Before I found accumulate, I had written a simple implementation. Then I was informed about accumulate! and tried using that. @btime’ing it showed allocations and that it took nearly twice as long to run as the implementation I wrote. Further investigation indicated that the extra time appeared to be in the argument handling.
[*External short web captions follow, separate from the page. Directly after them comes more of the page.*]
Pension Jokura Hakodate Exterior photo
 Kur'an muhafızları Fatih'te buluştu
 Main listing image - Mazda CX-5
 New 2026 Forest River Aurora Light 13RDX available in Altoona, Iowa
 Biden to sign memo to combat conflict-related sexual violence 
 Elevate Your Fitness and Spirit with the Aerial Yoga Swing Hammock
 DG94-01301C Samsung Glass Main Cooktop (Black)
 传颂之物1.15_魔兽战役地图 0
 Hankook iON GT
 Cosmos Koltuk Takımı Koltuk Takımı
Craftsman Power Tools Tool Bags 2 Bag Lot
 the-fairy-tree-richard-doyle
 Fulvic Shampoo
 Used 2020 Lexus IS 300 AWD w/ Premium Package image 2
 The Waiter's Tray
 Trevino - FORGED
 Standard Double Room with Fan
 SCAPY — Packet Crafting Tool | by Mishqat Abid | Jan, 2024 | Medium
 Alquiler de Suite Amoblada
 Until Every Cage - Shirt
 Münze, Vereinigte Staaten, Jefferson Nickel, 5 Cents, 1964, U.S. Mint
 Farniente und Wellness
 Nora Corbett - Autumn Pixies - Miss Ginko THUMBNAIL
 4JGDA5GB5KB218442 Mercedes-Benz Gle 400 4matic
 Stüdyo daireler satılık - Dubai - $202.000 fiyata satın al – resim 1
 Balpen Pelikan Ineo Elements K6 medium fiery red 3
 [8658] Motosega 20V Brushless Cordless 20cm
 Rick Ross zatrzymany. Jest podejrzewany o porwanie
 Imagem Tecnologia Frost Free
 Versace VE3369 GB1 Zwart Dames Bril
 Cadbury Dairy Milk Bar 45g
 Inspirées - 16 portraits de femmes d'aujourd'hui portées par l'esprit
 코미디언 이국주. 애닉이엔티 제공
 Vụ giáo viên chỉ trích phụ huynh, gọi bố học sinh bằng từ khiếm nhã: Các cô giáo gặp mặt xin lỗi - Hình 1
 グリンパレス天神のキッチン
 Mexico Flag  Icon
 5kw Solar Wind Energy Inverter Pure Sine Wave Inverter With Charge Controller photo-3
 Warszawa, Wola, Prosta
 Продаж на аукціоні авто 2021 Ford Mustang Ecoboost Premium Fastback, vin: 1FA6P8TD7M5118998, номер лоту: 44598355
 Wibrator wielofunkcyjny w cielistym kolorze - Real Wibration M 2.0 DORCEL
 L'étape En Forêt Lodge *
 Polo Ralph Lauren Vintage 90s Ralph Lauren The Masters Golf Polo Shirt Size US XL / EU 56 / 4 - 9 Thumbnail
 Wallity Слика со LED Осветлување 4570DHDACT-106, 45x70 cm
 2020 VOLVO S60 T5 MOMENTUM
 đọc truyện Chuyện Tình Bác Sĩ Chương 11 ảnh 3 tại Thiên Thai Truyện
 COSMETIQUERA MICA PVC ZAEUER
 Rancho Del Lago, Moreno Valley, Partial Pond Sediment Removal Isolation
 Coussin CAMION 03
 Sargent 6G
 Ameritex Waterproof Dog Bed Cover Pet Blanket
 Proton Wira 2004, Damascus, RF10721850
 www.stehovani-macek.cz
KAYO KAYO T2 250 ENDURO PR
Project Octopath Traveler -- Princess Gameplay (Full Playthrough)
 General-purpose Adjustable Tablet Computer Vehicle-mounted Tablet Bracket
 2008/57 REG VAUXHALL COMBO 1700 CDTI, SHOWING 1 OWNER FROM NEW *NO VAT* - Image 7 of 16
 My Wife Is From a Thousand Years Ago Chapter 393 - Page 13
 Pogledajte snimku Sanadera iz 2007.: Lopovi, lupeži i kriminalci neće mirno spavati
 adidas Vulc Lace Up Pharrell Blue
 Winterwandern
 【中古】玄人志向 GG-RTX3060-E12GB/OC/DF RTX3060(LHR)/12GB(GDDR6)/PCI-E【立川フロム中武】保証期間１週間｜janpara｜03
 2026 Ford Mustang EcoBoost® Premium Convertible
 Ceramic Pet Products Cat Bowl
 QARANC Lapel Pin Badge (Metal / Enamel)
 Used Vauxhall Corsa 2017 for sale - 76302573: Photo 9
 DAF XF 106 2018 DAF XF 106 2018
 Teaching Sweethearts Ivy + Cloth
If I bypassed accumulate! to call Base._accumulate!, it would run at the same speed as the one I wrote:
f1(a, x) = (a[2], a[2]+x);
v1 = rand(100);
buf1 = Vector{NTuple{2,Float64}}(undef, length(v1));
init = (0.0, 0.0);
r1 = @btime accumulate!($f1, $buf1, $v1; init=$init);
> 103.814 ns (3 allocations: 96 bytes)
r2 = @btime Base._accumulate!($f1, $buf1, $v1, nothing, Some($init));
> 57.447 ns (0 allocations: 0 bytes)
r1 == r2
> true
Examining the code, it’s doing some conditionals around the keyword arguments. I understand this is to support nothing as a valid value for init. This seems to be a high performance cost for that generality. I tried various attempts in that single method to speed this up while keeping that, but couldn’t find anything that resolved the performance issue. Requiring the user to pass in Some(nothing) if they needed that to be the init could work, but changing the signature or adding a new one is probably undesirable at this point.
However, I think I found a solution. Would it work to use a special private value to signify nothing so the argument default would work? Something like this:
struct _DefinitelyNothingThisTime end
function test_accumulate!(op, B, A; dims::Union{Integer, Nothing} = nothing, init = _DefinitelyNothingThisTime)
Base._accumulate!(op, B, A, dims, init === _DefinitelyNothingThisTime ? nothing : Some(init))
end
It seems to work (with init, without init, and for init=nothing) and performs well. Is there any issue with that approach?